--- START ---

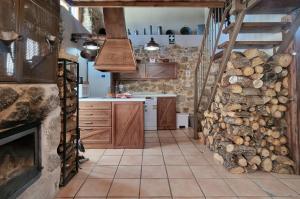 a kitchen with wooden cabinets and a fireplace at La Cantina casas rurales paredes in Villar de Corneja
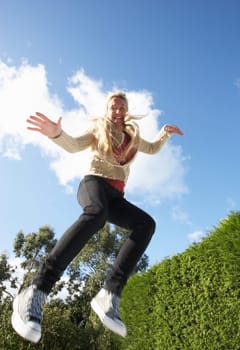 Young Woman Jumping On Trampoline Caught In Mid Air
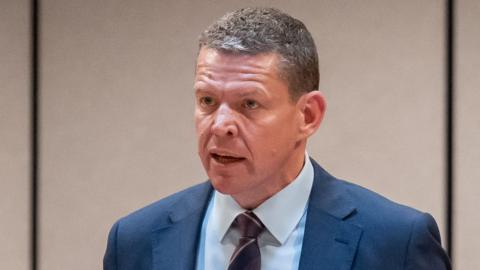 A man, Rhun ap Iorwerth, is in a navy suit.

--- END ---

**Task item**
Copy out the whole listing exactly. Skip its pictures.

**Your solution**
 a kitchen with wooden cabinets and a fireplace at La Cantina casas rurales paredes in Villar de Corneja
 Young Woman Jumping On Trampoline Caught In Mid Air
 A man, Rhun ap Iorwerth, is in a navy suit.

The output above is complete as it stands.